Six months later, the Advocate treated Cukor as though he were already “out,” even though, in talking to the magazine’s Douglas W. Edwards and David B. Goodstein, Cukor was more frank about his own sexual identity and queerness in Hollywood than he had ever been in any public forum previously. Though his own recent movie was a product of increased “candor” about sex in Hollywood films, when asked if there would ever be such candor about queerness in the movies, he stated, “I don’t think it’s in the air yet.” When asked if he would ever try, with the right script, stars, etc., to tell a gay story, Cukor admitted that he wasn’t sure: “I wonder whether I would have the courage to do it.” And what about gay stars—would it soon be safe for them to come out? “I don’t think the big audience would like it,” Cukor feared, “and I know it scares the studios to death…[they] are afraid that they might lose money with an actor if an audience doesn’t find him convincingly virile.” When asked what “gay people can do to accelerate the process,” he responded, “Behave themselves.”

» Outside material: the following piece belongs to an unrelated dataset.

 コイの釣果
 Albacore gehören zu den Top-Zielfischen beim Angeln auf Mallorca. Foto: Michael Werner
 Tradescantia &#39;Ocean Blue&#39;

Cukor himself had seen how homophobia, and the related, dog-whistle marginalizing of him as a “woman’s director,” had limited his own career in golden-era Hollywood. One thing that did not make it into The Advocate were the rumors, which had dogged Cukor for over 40 years, that his queerness had led to him being fired from directing what would become the biggest blockbuster at the time, Gone with the Wind.
Cukor had been given the reins to Wind in 1936 by his old friend and collaborator, producer David O. Selznick. He labored on pre-production for years; the shoot did not begin until January 26, 1939. There was always a worry shared by Selznick and Louis B. Mayer—who, in addition to running MGM, which would be distributing this film, was also Selznick’s father-in-law—that Cukor would lavish all his attention on Vivien Leigh, thereby neglecting the the film’s male protagonist and resulting in a film that would only appeal to the female audience. But once the shoot began, Cukor’s detractors felt they had proof of Cukor’s lack of interest, if not lack of ability, in directing action scenes when he let production designer William Cameron Menzies oversee the movie’s burning of Atlanta set piece. Then there was the fact that Cukor had already been paid an enormous amount of money, and his meticulous shooting methods were financially adding up. One potential replacement for Cukor, Victor Fleming, ticked a lot of boxes: He was a macho action director who already had a good rapport with Wind’s male star, Clark Gable, and he’d be cheaper. The only problem was that he was busy with another movie—The Wizard of Oz, a project which Cukor himself had worked on for a week.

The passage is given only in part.